Primary Breast Cancer Prevention: Nutrition

Plant-based nutrition and dietary recommendations are a large part of the WCRF/AICR recommendations, showing up in some form in 7 of the 10 recommendations.³ Although the data regarding the relationship between specific components of a whole-foods plant-based (WFPB) diet and breast cancer incidence has been mixed (likely due to the heterogeneity of the disease and the dietary components studied), there is a growing body of evidence that breast cancer incidence can be reduced with an overall healthy lifestyle, which includes a high-quality diet consisting of fruits, vegetables, whole grains, and legumes.^13,14 There are multiple mechanisms through which plant-based nutrition could decrease both cancer incidence and all-cause mortality. For example, a plant-based diet may help maintain a healthy body mass index (BMI), ensure adequate fiber intake, and optimize phytonutrient and antioxidant intake.¹⁵ The mechanisms behind diet and cancer are complex; however, some general principles emerge.
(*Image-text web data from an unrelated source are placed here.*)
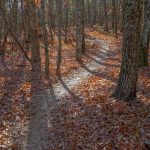 Hickory Mountain Loop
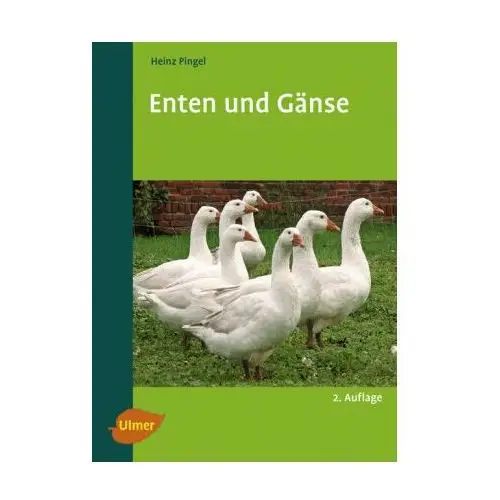 Enten und gänse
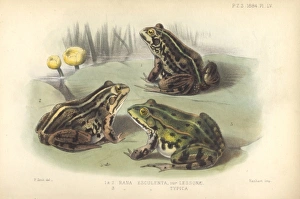 Neobatrachia Gallery: Rana esculenta, edible frog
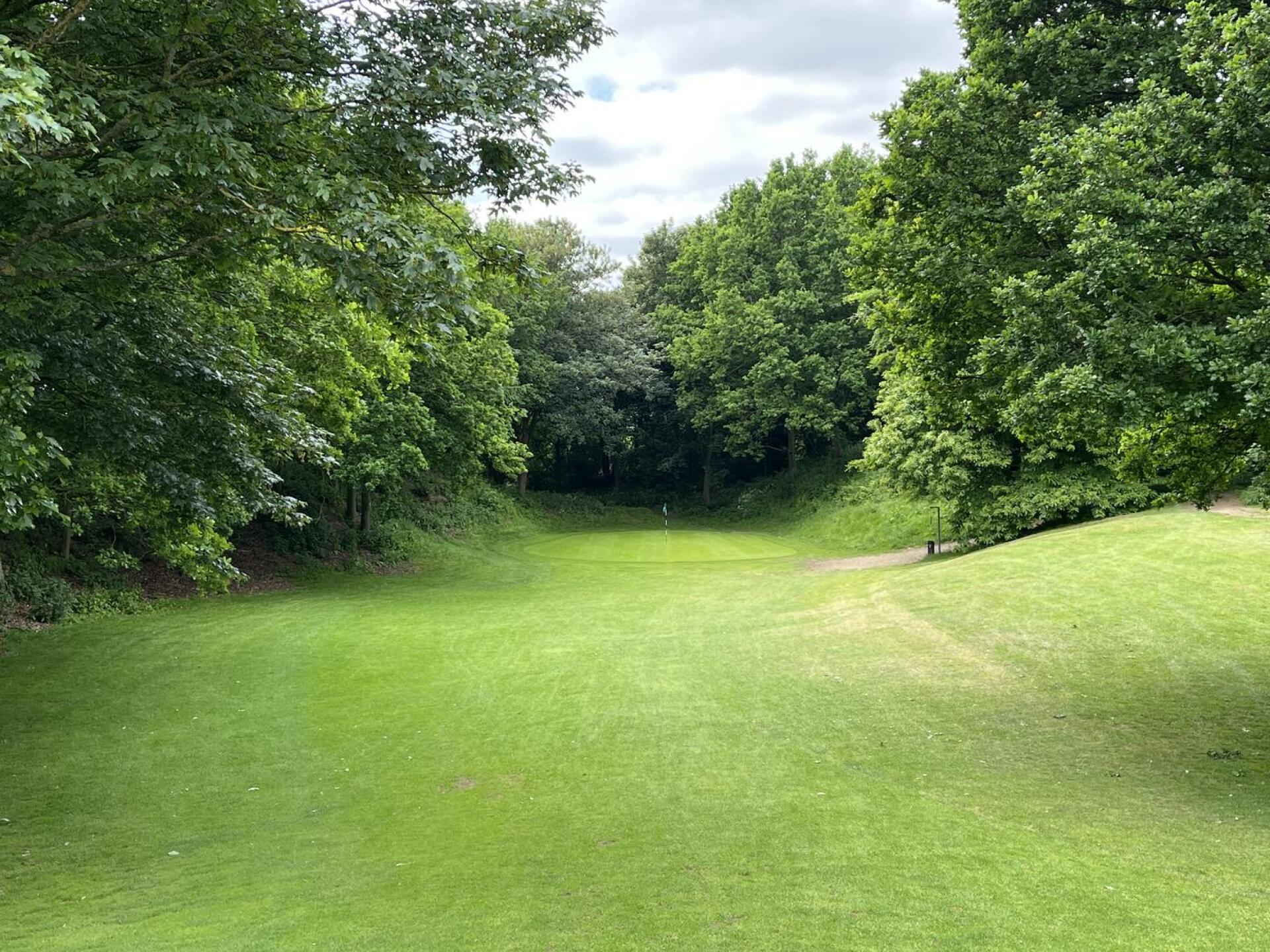 (Photo submitted by DanHankey on 06/05/2023)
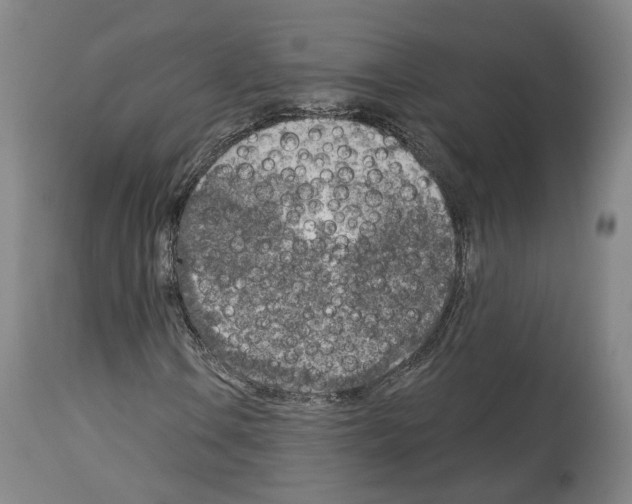 X0000114021106200911131220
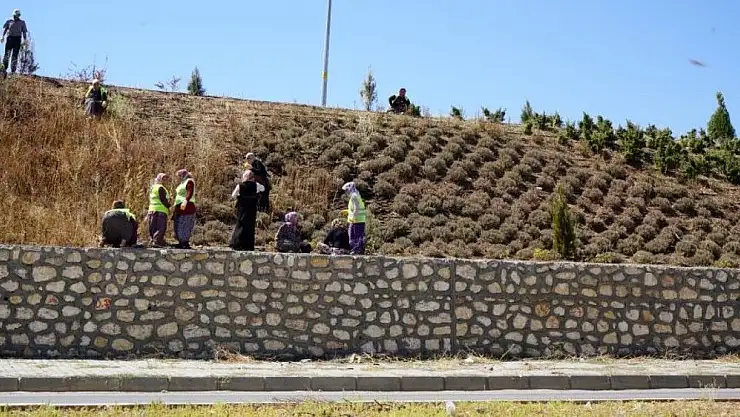 'Adıyaman girişinde bakım çalışmaları'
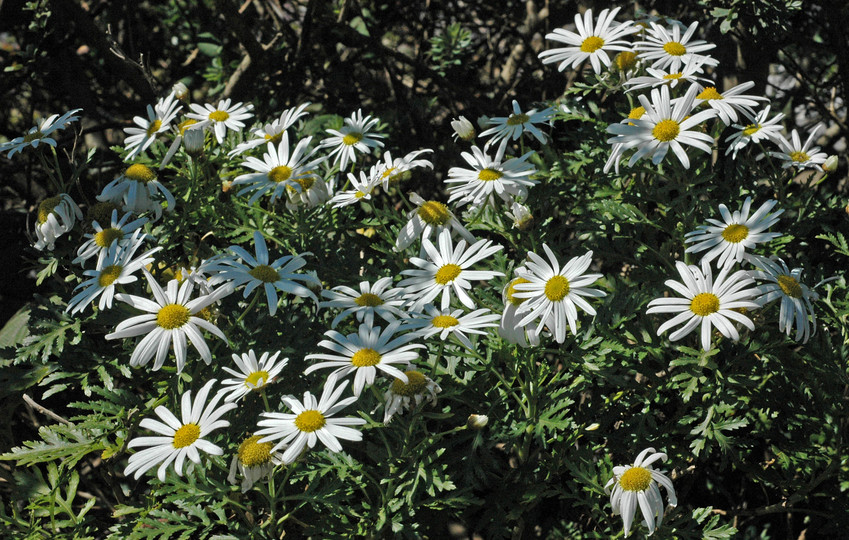 Argyranthemum broussonetii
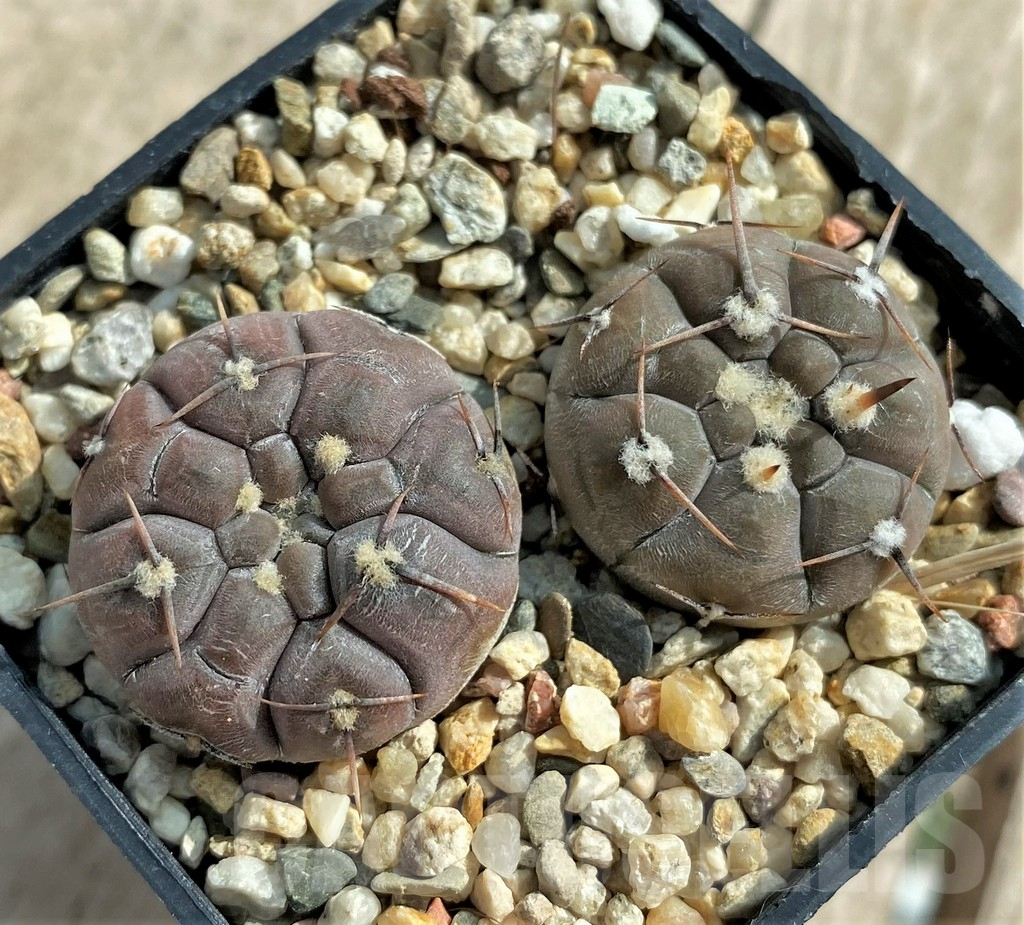 SHPR32057 Gymnocalycium borthii ssp. nogolense VG012, 2 plants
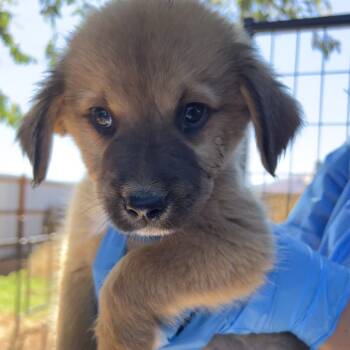 Rescue Mixed Breed Dogs for Adoption in Moab, Utah - Spumoni | PetCurious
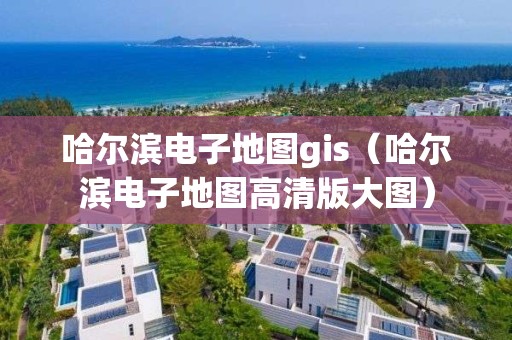 哈尔滨电子地图gis（哈尔滨电子地图高清版大图）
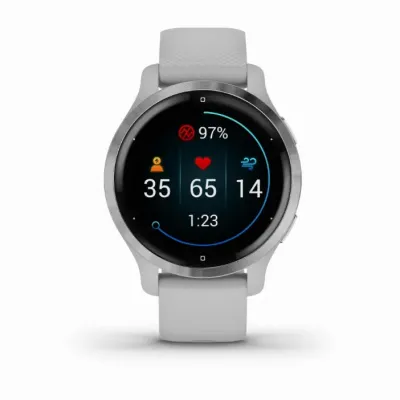 Умные часы Garmin Venu 2S, серебристый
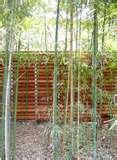Concrete Fencing Panels photos
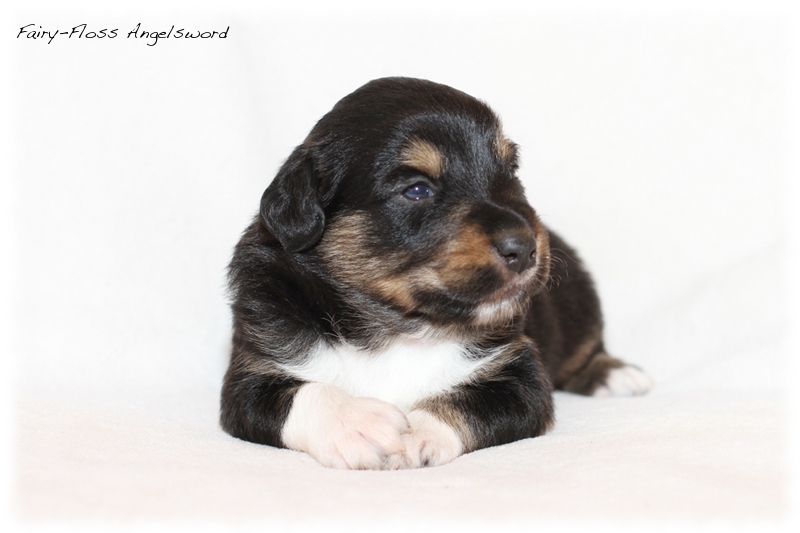 Mini Aussie Welpen - Mini Aussie Züchter - Gesunde Mini Aussies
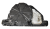 DSC_0003.png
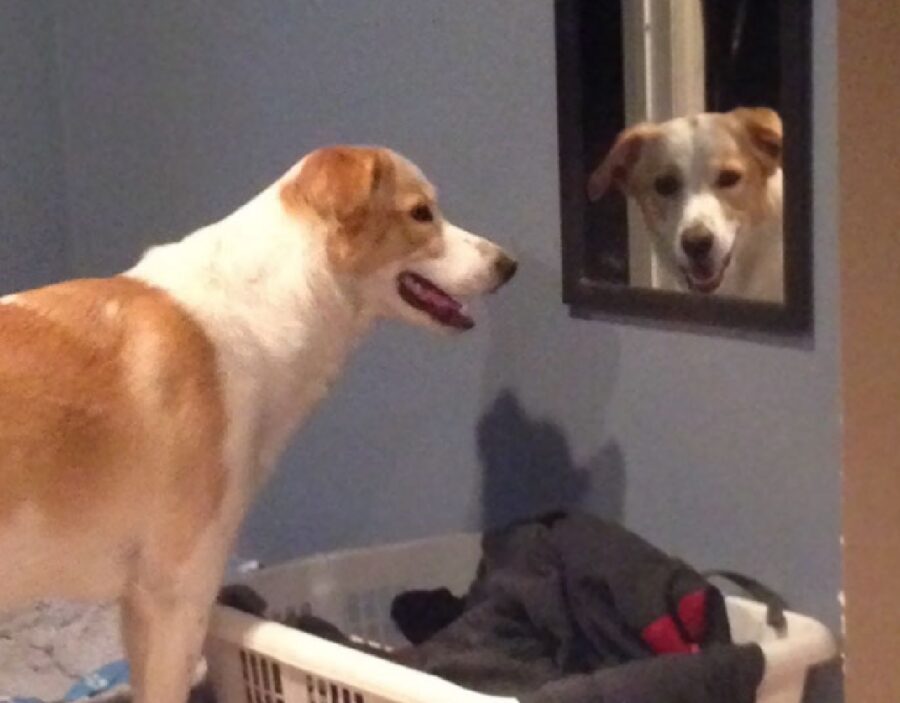 cagnolino si guarda allo specchio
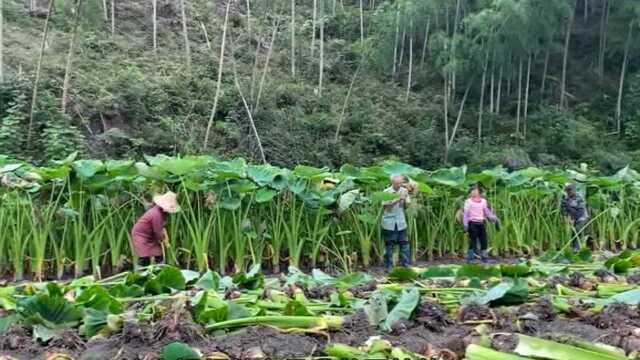 大山里的小康生活,请12个小工150一天,当天靠它赚了5500元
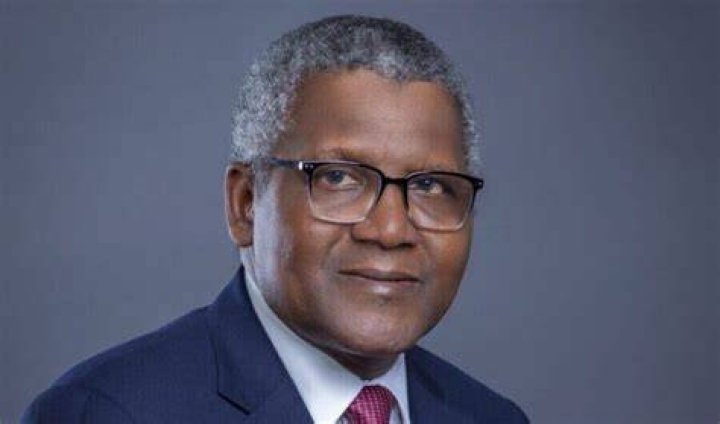 Adeleke Adedeji: A Deep Dive Into His Net Worth In 2024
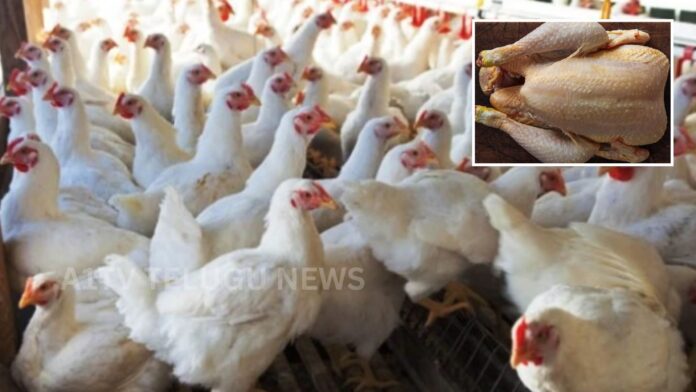 Chicken prices rising in Telangana market due to heatwave affecting poultry supply
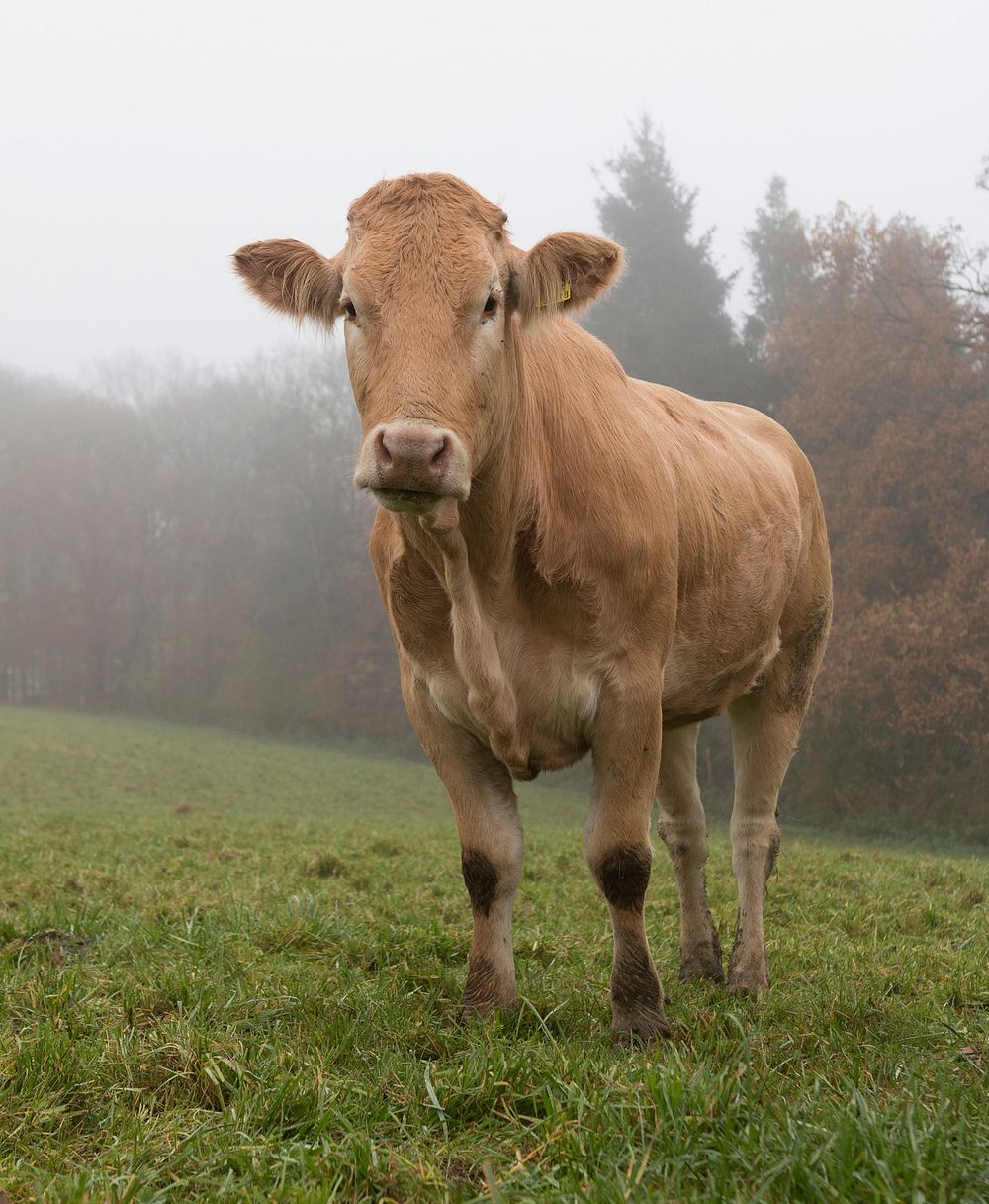 Cow on grass. Free public domain CC0 photo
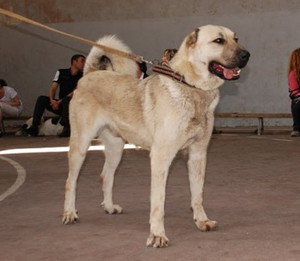 Описанеи породы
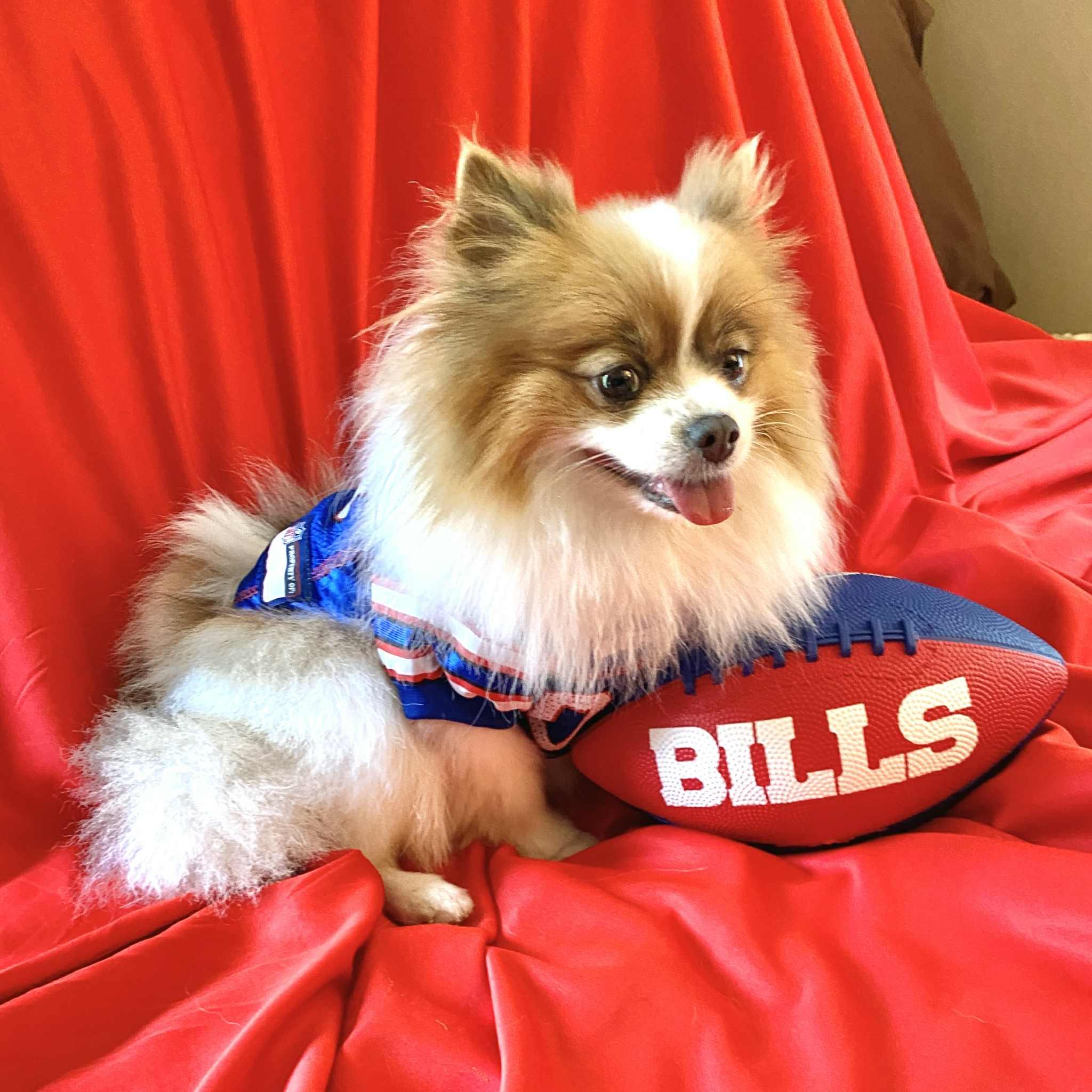 Reba, a Adopted Pomeranian in North Collins, NY image 2/2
Fiber intake has been shown to be inversely associated with breast cancer incidence. In a meta-analysis of 10 prospective cohort studies with over 700 000 participants, a dose-dependent inverse relationship between fiber intake and breast cancer incidence was observed with a 7% decrease in risk for every 10 g increase in daily fiber intake.^16,17 The 2017 WCRF/AICR Breast Cancer CUP report included 11 studies (18591 cases) in a dose-response meta-analysis of fiber intake and postmenopausal breast cancer. The summary RR per 10 g/d increase in fiber intake was 0.95 (95% CI 0.92-0.99), with no evidence of heterogeneity, I² = 0%, P heterogeneity = .73. There was no evidence of publication bias, P = .69.³

In addition, consumption of fiber-rich foods, which are primarily low-calorie-density foods (vegetables, fruits, whole grains, and legumes,) may help individuals achieve a healthy BMI.^18,19 Overweight and obesity is associated with an increased risk of breast cancer, with postmenopausal women with obesity having a 20% to 40% increased risk of developing hormone receptor positive breast cancer when compared with normal weight women.^20,21

While adequate macronutrients are crucial for health, plant foods are also a rich source of micronutrients and phytonutrients, many of which play a critical role in cancer prevention due to their anti-inflammatory and/or antioxidant properties.^22,23 A thorough description of the different models of tumorigenesis is complex and beyond the scope of this discussion; however, the processes of initiation, promotion, and progression are generally involved.²⁴ Initiation occurs when a cell’s DNA becomes mutated by an initiator. This mutated cell becomes susceptible to promoters which lead to cell proliferation, and subsequent progression to malignancy. Phytochemicals may play a role in cell proliferation, DNA repair, apoptosis, cell differentiation, carcinogen detoxification, epigenetic modulation, activation or inactivation of oncogenes and tumor-suppressor genes, angiogenesis, and mitigation of oxidative stress.^25,26 The WCRF/AICR CUP report concluded that consuming non-starchy vegetables, foods high in carotenoids, as well as a diet high in calcium may decrease the risk of breast cancer.³

Although the benefits of a diet rich in vegetables, fruits, whole grains, and legumes are well known, only a minority of adults reach daily targets for fruit and vegetable intake. Sixty percent to 87% percent of adults worldwide report consuming fewer than 5 daily servings of vegetables and fruit.²⁷ There are many resources available on the AICR website (https://www.aicr.org/) and theAmerican College of Lifestyle Medicine (ACLM) website (https://lifestylemedicine.org/), including physician resources and patient education facing materials to help patients adopt health-promoting dietary habits. As lifestyle medicine practitioners, we have a tremendous opportunity to decrease the global disease burden not only by educating our patients about the recommended intake and benefits of plant-based foods but also by providing patients with effective resources and tools.

Soy

Numerous studies involving thousands of women worldwide have shown that dietary intake of soy foods is associated with as much as a 30% decrease in breast cancer incidence.^28-30 The Japan Public Health Center Prospective Study on Cancer and Cardiovascular Disease, including more than 20 000 Japanese women, found that those with the highest soy food intake had approximately half the risk of breast cancer when compared to those with the lowest intake.³¹ Soy intake in childhood and adolescence may be the most protective.³² Women with BRCA gene mutations and gene polymorphisms predisposing to breast cancer may especially benefit from soy.³³ Despite the benefits of soy food intake, there is a great deal of confusion among the medical and general population regarding the safety of soy.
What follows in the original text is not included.